* Dataset content
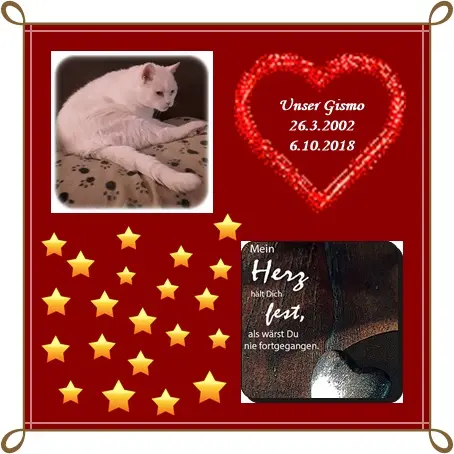 Condolence image of deiner Ilse in Liebe zum 21. Geburtstag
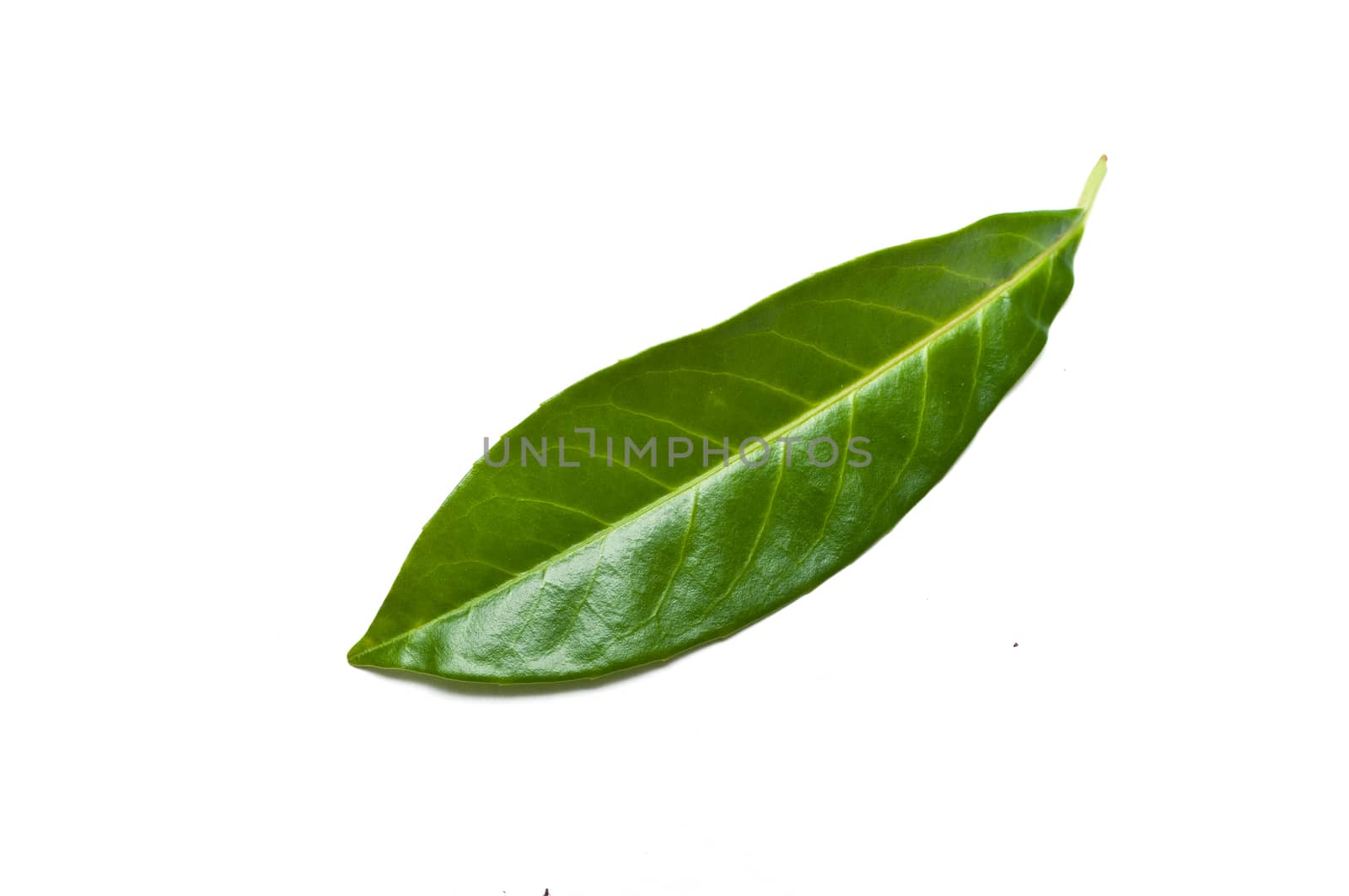 Isolated leaf of   prunus laurocerasus rotundifolia on white background by NeydtStock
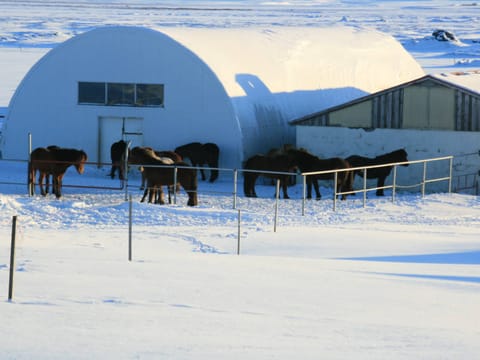 Riding on ice - Lake Myvatn, photo 3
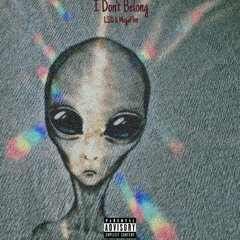 I Don't Belong(MegaFlex & LSD)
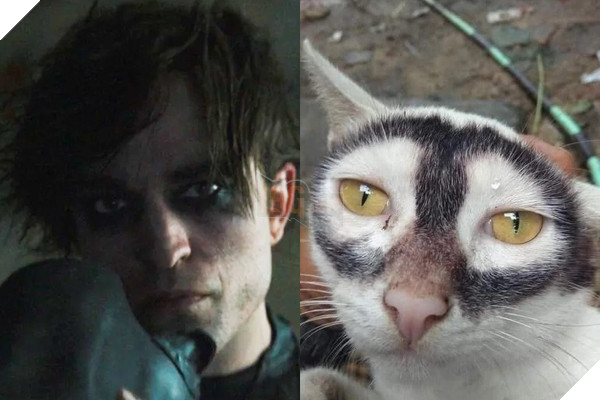 Cư dân mạng phát hiện chú mèo cosplay thành Batman không thua gì bản gốc 3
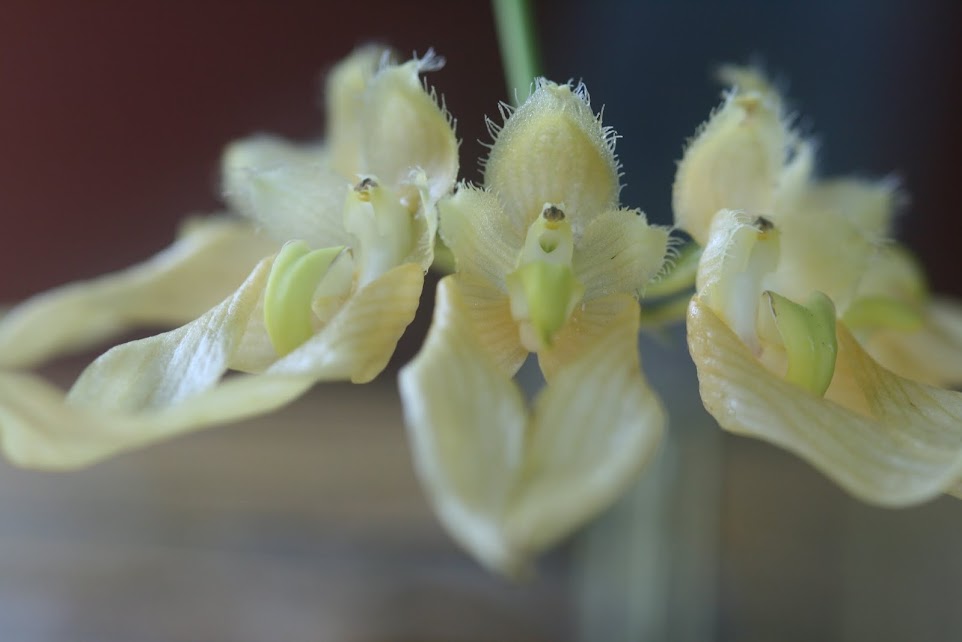 Bulbophyllum annandalei flava IMG_1468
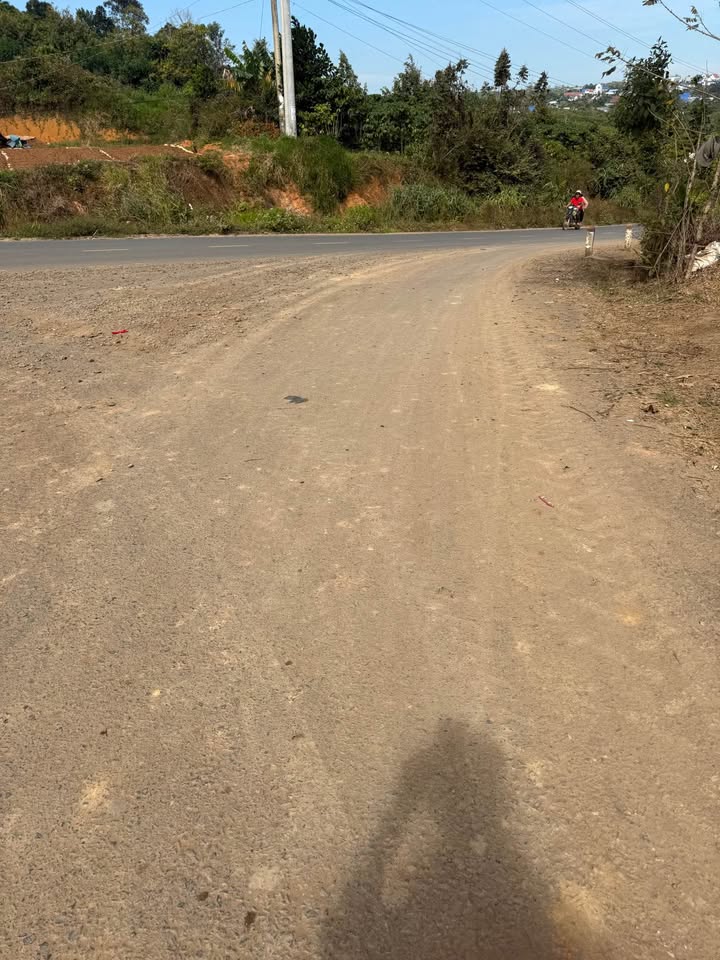 Đất thổ cư Hòa Ninh, Lâm Đồng 217m² giá chỉ 450 triệu - Cơ hội đầu tư tiềm năng!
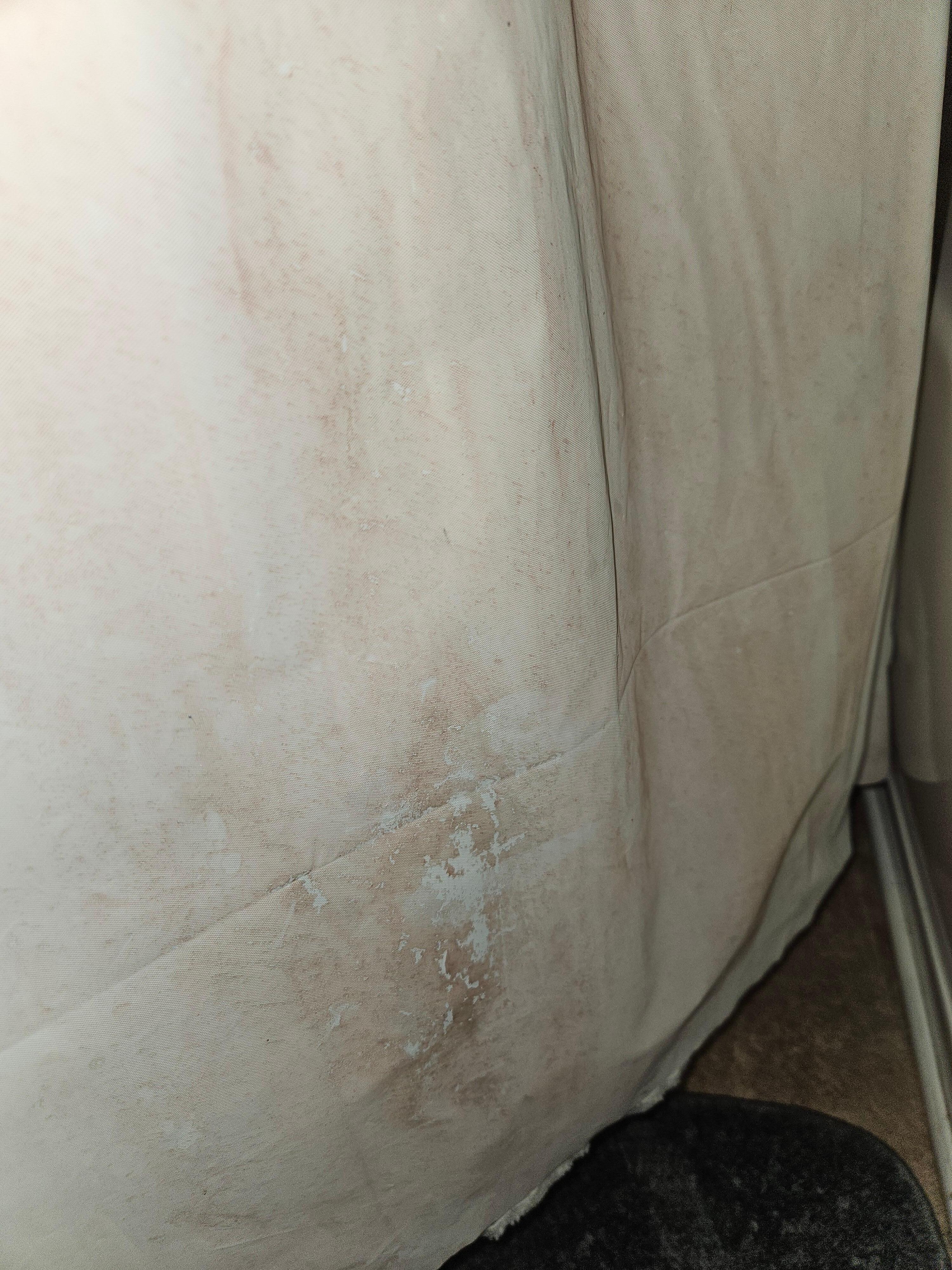 Mold on shower curtain 2
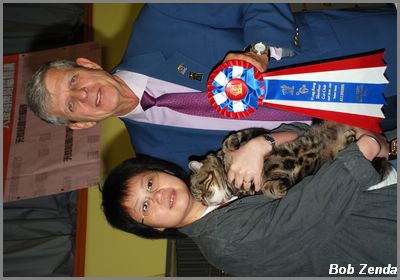 Boss - 8th Best HHPet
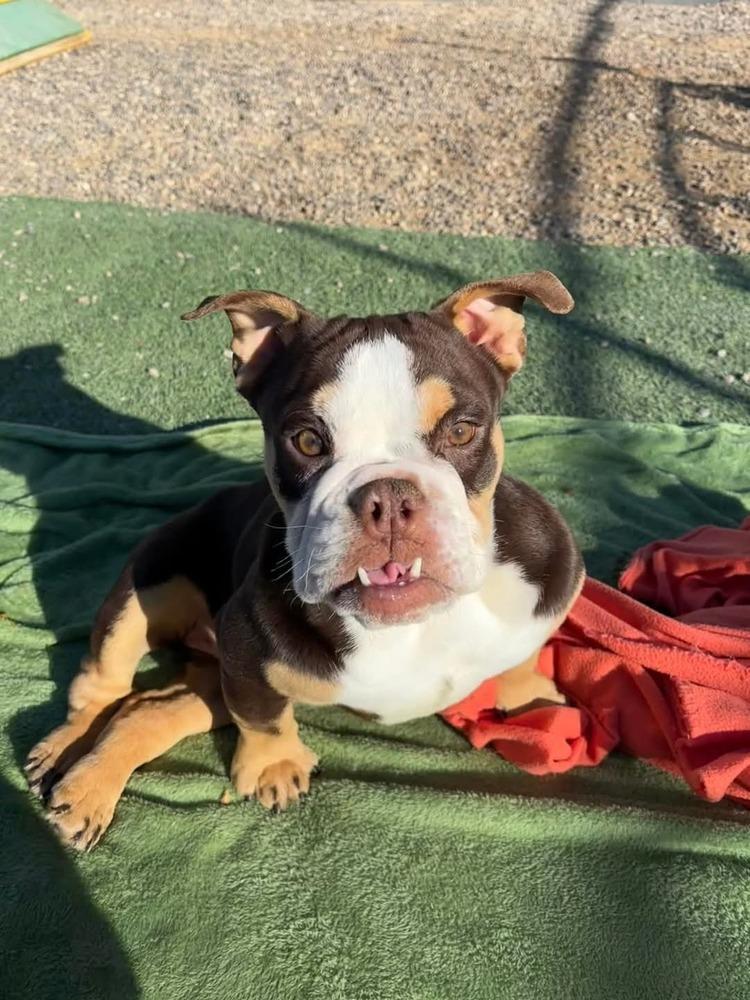 Enlarge JuJuBee, a Adoptable mixed breed in Phoenix, AZ image 4/6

* Task item
Set down each entry above word for word, without its pictures.

* Written answer
 Condolence image of deiner Ilse in Liebe zum 21. Geburtstag
 Isolated leaf of   prunus laurocerasus rotundifolia on white background by NeydtStock
 Riding on ice - Lake Myvatn, photo 3
 I Don't Belong(MegaFlex & LSD)
 Cư dân mạng phát hiện chú mèo cosplay thành Batman không thua gì bản gốc 3
 Bulbophyllum annandalei flava IMG_1468
 Đất thổ cư Hòa Ninh, Lâm Đồng 217m² giá chỉ 450 triệu - Cơ hội đầu tư tiềm năng!
 Mold on shower curtain 2
 Boss - 8th Best HHPet
 Enlarge JuJuBee, a Adoptable mixed breed in Phoenix, AZ image 4/6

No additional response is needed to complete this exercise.